Türkiye’nin ilk 10 ekonomiye nasıl gireceği konusunda hemen herkes hemfikir. Yapısal reform yapmalıyız! CHP’nin ekonomiden sorumlu Genel Başkan Yardımcısı Dr. Selin Sayek Böke de, hükümette ekonominin dümeninde olan Ali Babacan ve Mehmet Şimşek de aynı noktada buluşuyor: Yapısal reform şart! İş dünyası temsilcileri de, işçi konfederasyonları da aynı fikirde: Yapısal reform şart! Akademiseyneler de, aydınlar da aynı şeyi söylüyor: Bu böyle gitmez, yapısal reform şart!

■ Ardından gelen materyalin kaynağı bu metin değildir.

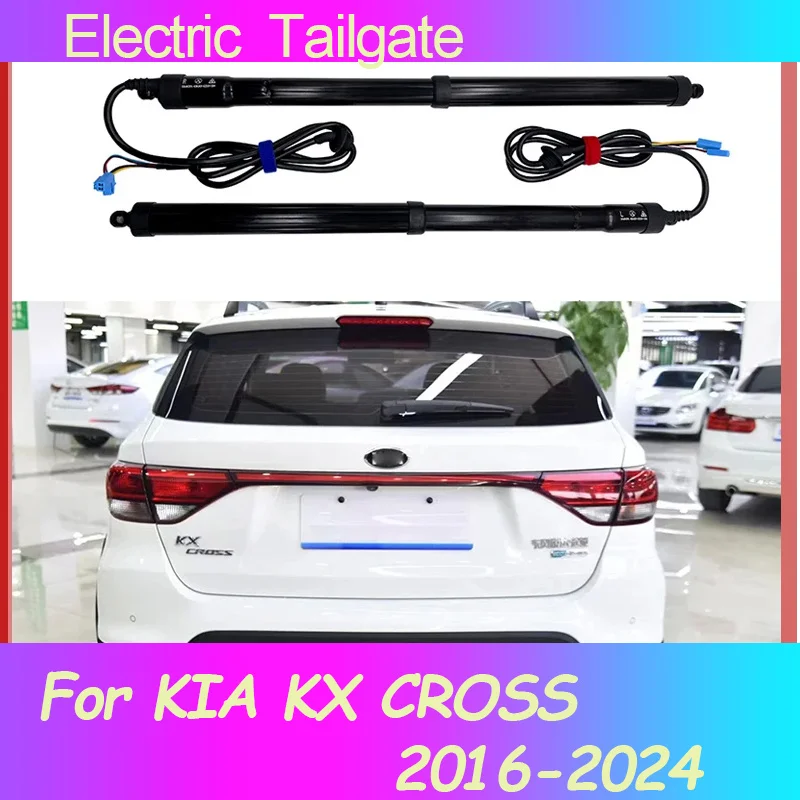 For KIA KX CROSS 2016-2024 Edition Electric Tailgate Modification Tail Box Intelligent Auto Auto Accessories DIY Car Accsesories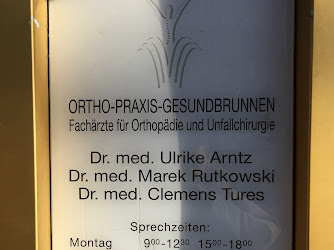 Orthopädiepraxis Gesundbrunnen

Hukuk, Özgürlükler ve Eğitim!
Yapısal reform dediğimiz şey üç sacayağına dayanıyor: Hukuk, eğitim ve özgürlükler. Hukuksal güvence olmadan, yani bireylerin ve şirketlerin adil bir rekabet ortamında yarıştığı bir sistem kurulmadan 21. yüzyıl ekonomisinde yarışmak mümkün değil. Yine aynı şekilde, inovasyon ekonomisi dediğimiz 21. yüzyıl ekonomisinde bilgiye ulaşma özgürlüğünün tesis edilmesi temel bir şart. İnovasyon da, patent başvurusu da ancak böyle bireylerin özgürce bilgiye ulaştığı ve bilgiyi paylaştığı bir ortamda, insanların özgürce tahayyül ettiği bir zeminde mümkün. Son olarak, bu iki reformla eşdeğer olan eğitimde reform şart. Türkiye OECD’nin yaptıüı araştırmalarda eğitim sisteminde ilk 40 arasında yok. Varolan eğitim sistemi çocuklarımıza 21. Yüzyıl becerilerini kazandırmıyor. Özetle, hukuk, temel özgürlükler ve eğitim alanlarında yapısal reform yapmadan ilk 10’a girmek ham hayal!
Tarihsel Fırsat!
Türkiye’nin önünde tarihsel bir fırsat var. Genç nüfusu, iyi kötü bölgede imrenilen bir demokratik geçmişi ve belli bir istikrar ortamı olan bir ülkemiz var. Tarihten gelen mirasını ve coğrafi konumunun avantajlarını kullanarak ilk 10 ekonomiye yürüyüşüne devam etmelidir. Bunun için yapılacakların ne olduğu konusunda toplumun hemen her kesimi hemfikir. Adil bir rekabet ortamı, özgür bir girişim ortamı ve insanların becerilerini 21. yüzyıl ekonomisine uygun bir şekilde geliştirebilecekleri bir eğitim sistemi. TÜSİAD’ın da, TİSK’in de, DİSK’in de Hak-İş’in de altına imza atacağı, Babacan’ın da, Sayek-Böke’nin de kefil olacağı bir yol haritası mevcut.
Yapmamız gereken...
Türkiye toplumu politik kamplaşmaları bir tarafa bırakıp yapısal reformlardan yana bir irade beyan etmeli. Kendimiz için değil, çocuklarımızın geleceği için, günlük politik kamplaşmaların ötesine geçmek zorundayız. Yoksa inovasyona dayalı yeni dünya ekonomisinde bırakın ilk 10’u, ilk 20 bile Türkiye için uzak bir hayal olacak.